[Task objective] Starting with the line below that holds "醇氧化与醛基检验的证据链" and stopping after the line that holds "Photo for Flower", transcribe the lines exactly, leaving out all pictures.

Top of Excerpted data

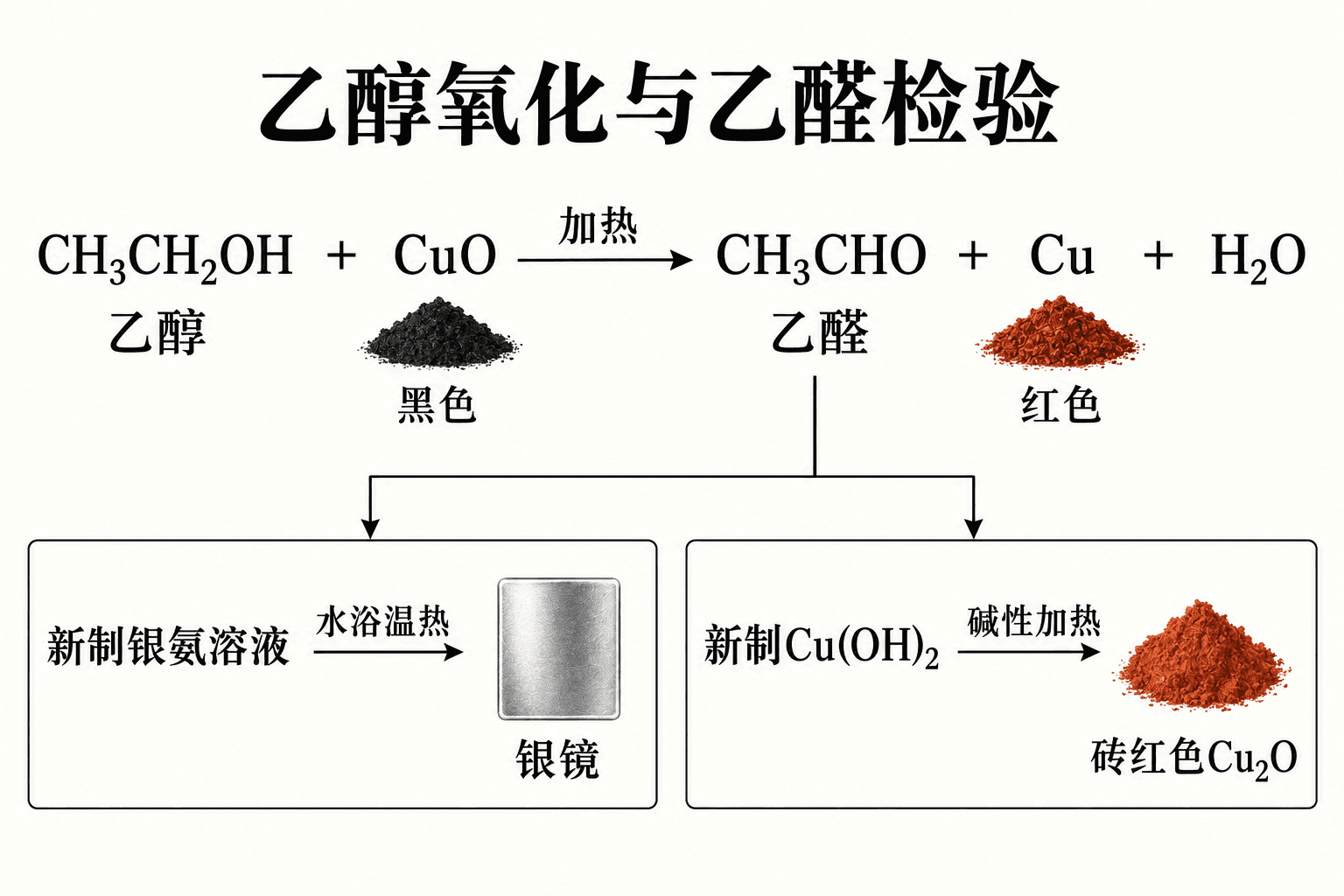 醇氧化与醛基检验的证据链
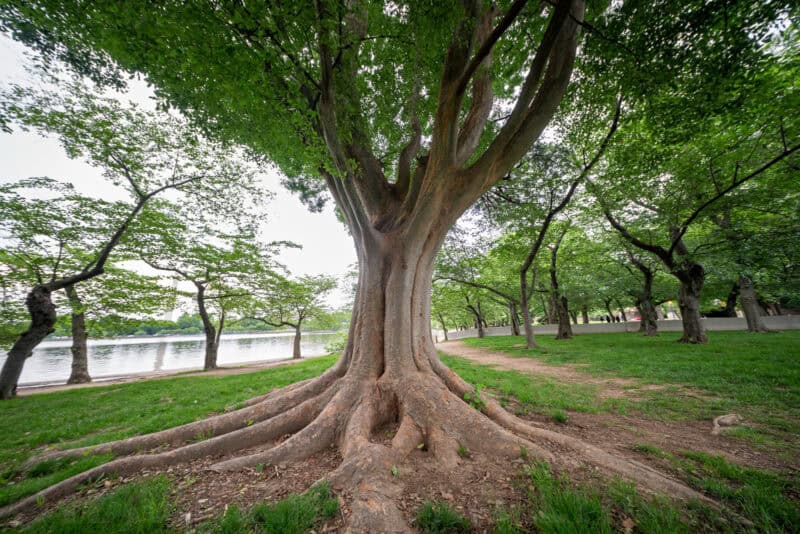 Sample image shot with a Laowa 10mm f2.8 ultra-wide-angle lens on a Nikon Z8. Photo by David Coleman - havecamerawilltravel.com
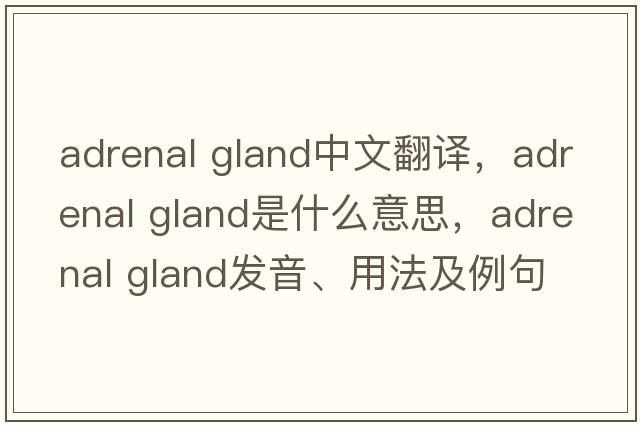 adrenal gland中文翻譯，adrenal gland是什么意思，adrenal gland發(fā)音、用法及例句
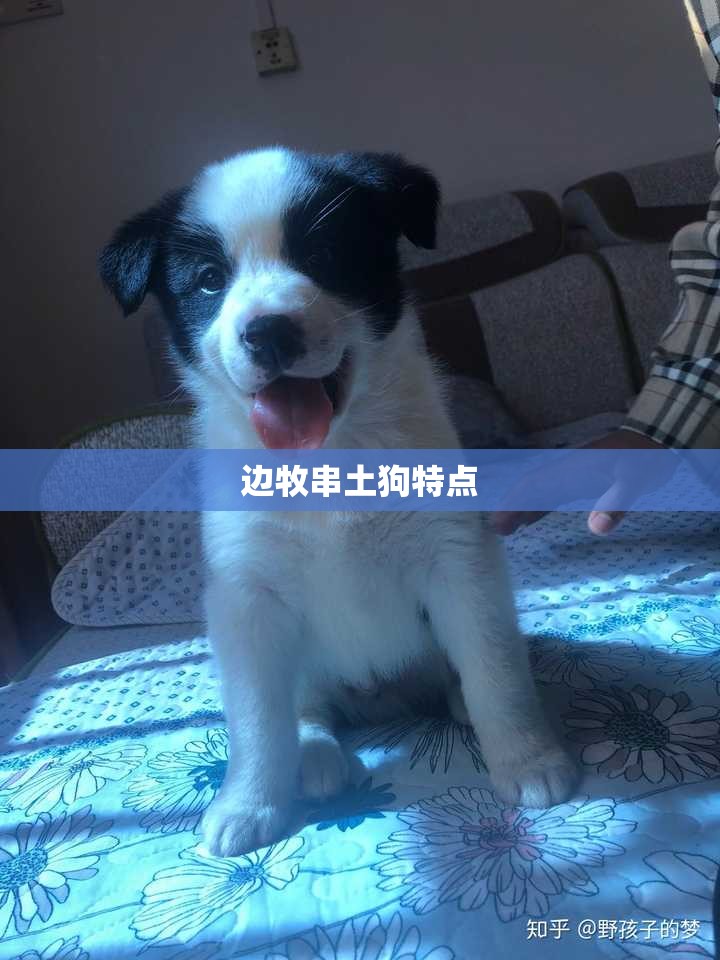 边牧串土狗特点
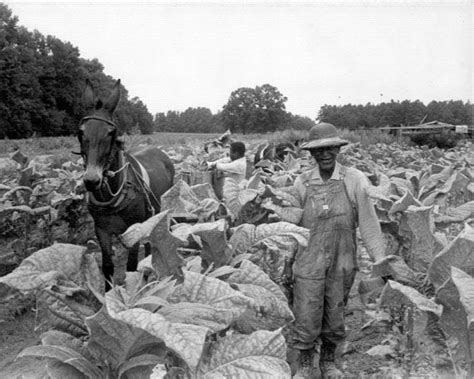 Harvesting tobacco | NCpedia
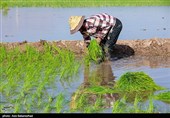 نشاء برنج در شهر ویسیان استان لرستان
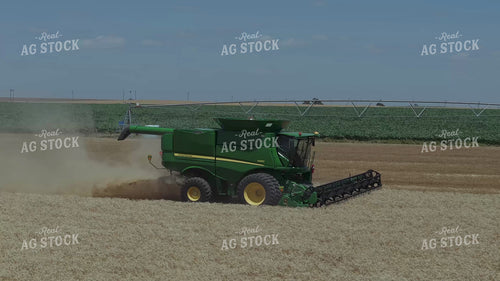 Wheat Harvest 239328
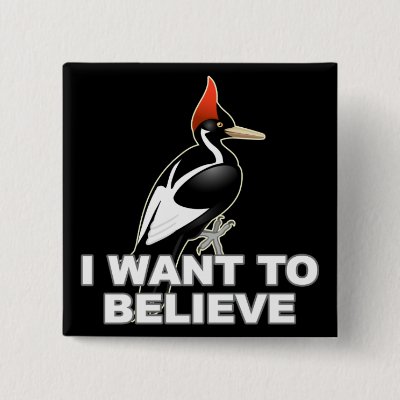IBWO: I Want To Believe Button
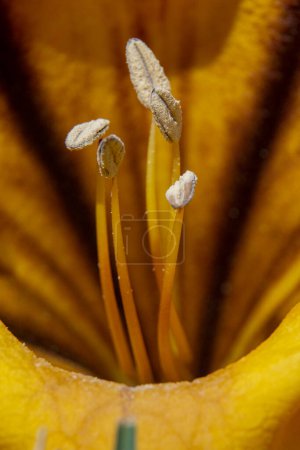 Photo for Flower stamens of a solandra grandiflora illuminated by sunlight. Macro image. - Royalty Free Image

Bottom of Excerpted data
Top of Excerpted data

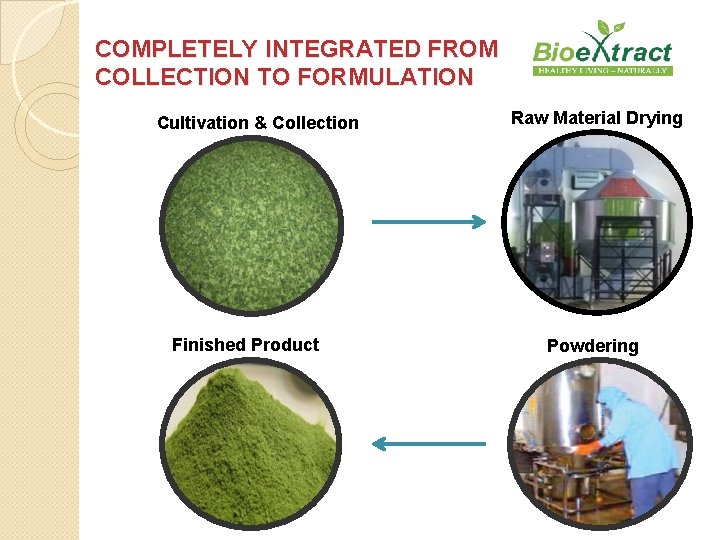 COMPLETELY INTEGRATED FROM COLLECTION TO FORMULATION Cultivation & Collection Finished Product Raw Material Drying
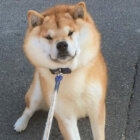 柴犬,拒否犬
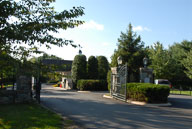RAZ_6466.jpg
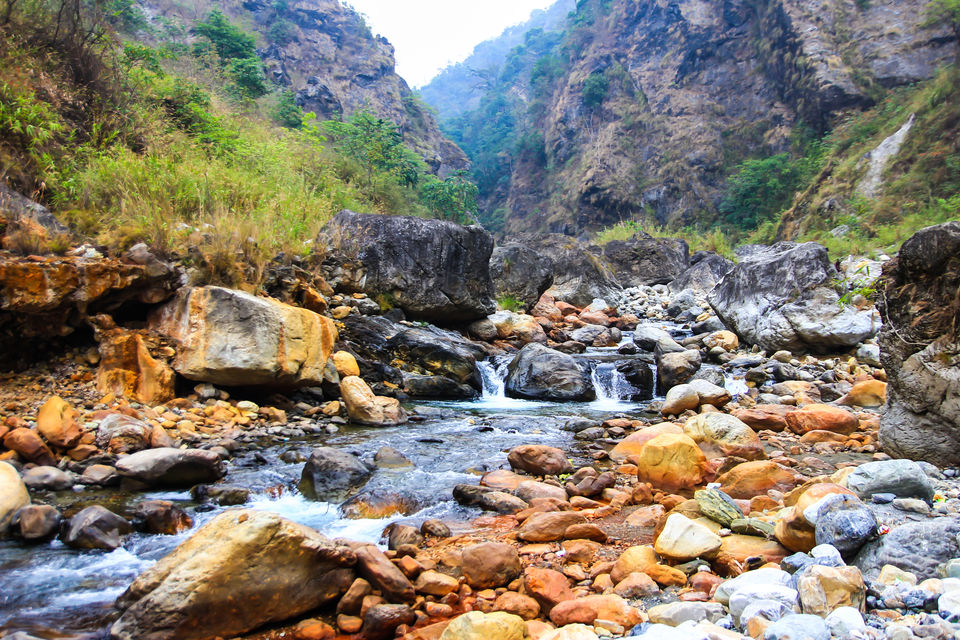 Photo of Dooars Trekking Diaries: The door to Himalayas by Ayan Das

Bottom of Excerpted data
Top of Excerpted data

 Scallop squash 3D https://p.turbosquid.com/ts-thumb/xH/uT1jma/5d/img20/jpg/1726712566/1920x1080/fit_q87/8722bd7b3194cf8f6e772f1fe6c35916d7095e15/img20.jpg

Bottom of Excerpted data

[Solution for this task]
 醇氧化与醛基检验的证据链
 Sample image shot with a Laowa 10mm f2.8 ultra-wide-angle lens on a Nikon Z8. Photo by David Coleman - havecamerawilltravel.com
 adrenal gland中文翻譯，adrenal gland是什么意思，adrenal gland發(fā)音、用法及例句
 边牧串土狗特点
 Harvesting tobacco | NCpedia
 نشاء برنج در شهر ویسیان استان لرستان
 Wheat Harvest 239328
IBWO: I Want To Believe Button
 Photo for Flower stamens of a solandra grandiflora illuminated by sunlight. Macro image. - Royalty Free Image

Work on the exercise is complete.